Antes um destino tranquilo de praia no Pacífico, o estado mexicano de Colima teve a maior taxa de homicídios do país em oito dos últimos nove anos e deve voltar a liderar o ranking este ano. Também tem o maior número de fossas clandestinas per capita do país, muitas nas colinas verdes da região.

Colima abriga um dos maiores portos do México, Manzanillo, que lida com 40% do tráfego marítimo de contêineres do país e é ponto-chave de entrada de produtos químicos chineses usados na produção de fentanil. Isso o tornou um campo de batalha para o cartel de Sinaloa e o CJNG.

“O que os cartéis querem é controlar o porto”, diz o repórter local Roberto Macías Cruz.

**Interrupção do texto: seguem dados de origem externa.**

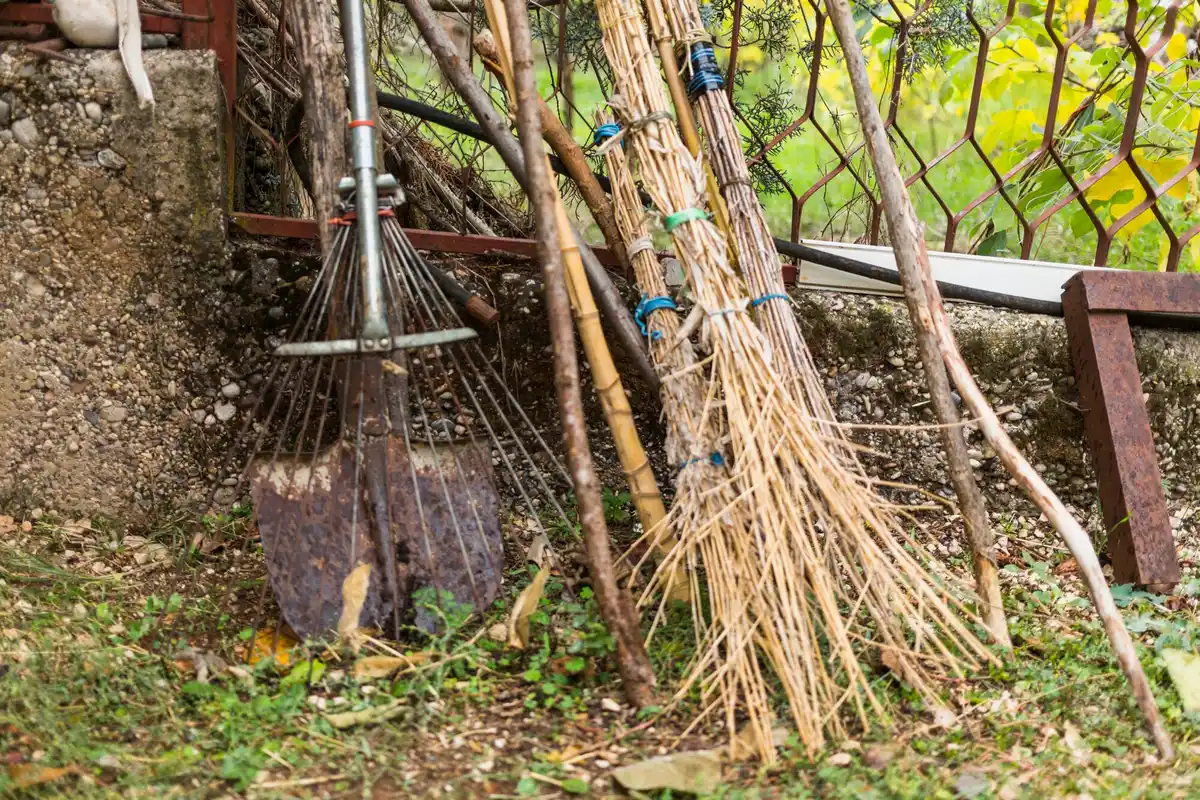storage of garden tools in shed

Para conseguir isso, as gangues enviam seus “guerreiros” para entrar em confronto, acrescenta.

Isso segue um padrão em toda a região, dizem especialistas. “Os portos se tornaram muito importantes porque você não consegue mover toneladas de cocaína do Brasil para a Europa Ocidental voando pequenas aeronaves como faria para os Estados Unidos“, diz Farah, da IBI.

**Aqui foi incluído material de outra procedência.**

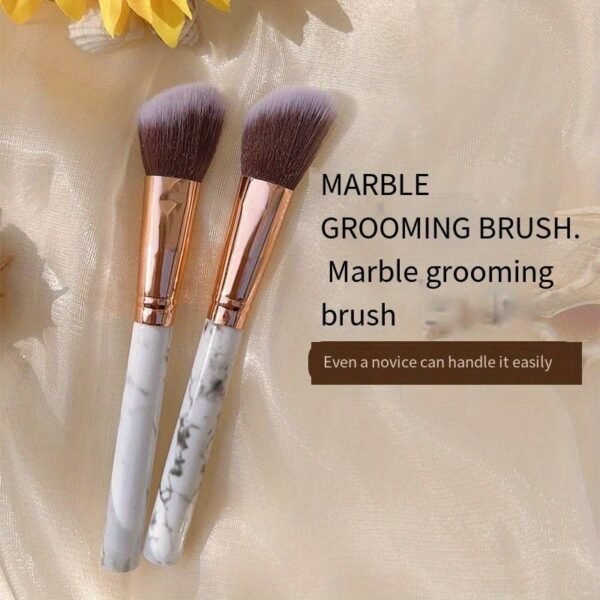 Marble Pattern Makeup Brush - Soft Fiber Bristles, Beveled Blush & Contour Brush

Cidadãos de toda a América Latina estão exigindo respostas para o problema.

Segundo pesquisa da Ipsos em julho, 52% das pessoas nos seis maiores países latino-americanos indicaram crime e violência como sua maior preocupação, muito à frente de preocupações tradicionais como desemprego ou pobreza.

Chinchilla diz que a frustração está levando a dois extremos de política na região: uma que “simplesmente prescreve mais prisão para todos” e outra que “simplesmente se adapta a novas formas de governança criminosa… porque atacá-la geraria violência”.

Na Colômbia, onde o presidente de esquerda Gustavo Petro introduziu uma política de “paz total” com grupos armados, críticos dizem que o governo, na prática, abandonou grandes trechos do país para máfias de drogas e ex-guerrilhas dissidentes.

Petro pessoalmente é a favor da legalização da cocaína. Ele afirmou em fevereiro passado que a droga altamente viciante, envolvida na morte de 29.449 americanos em 2023, “não é pior que uísque”. Se fosse vendida em lojas, “seria como vender vinho”.

No outro extremo está El Salvador. O presidente de ultradireita Nayib Bukele alarmou ativistas de direitos humanos, mas encantou admiradores nas Américas com uma repressão implacável ao crime de gangues, que colocou cerca de 1,6% da população adulta atrás das grades. O presidente conservador do Equador, Daniel Noboa, tenta copiar alguns métodos de Bukele, e políticos no mesmo estilo estão concorrendo a eleições em toda a região.

Dentro da América Latina, divisões ideológicas e animosidade pessoal tornam quase impossível a colaboração entre presidentes, embora bancos de desenvolvimento regionais como BID e CAF tenham promovido iniciativas de segurança e pesquisas sobre políticas para enfrentar o crime organizado.

“O grande desafio para os Estados é criar estruturas institucionais não repressivas dentro das democracias, em oposição ao modelo Bukele, onde você simplesmente coloca todos na prisão e espera que eles morram”, diz Farah, da IBI.

“Mas esse é um processo de longo prazo que muitos países não vão querer enfrentar. Eles simplesmente não têm tempo, recursos ou vontade política.”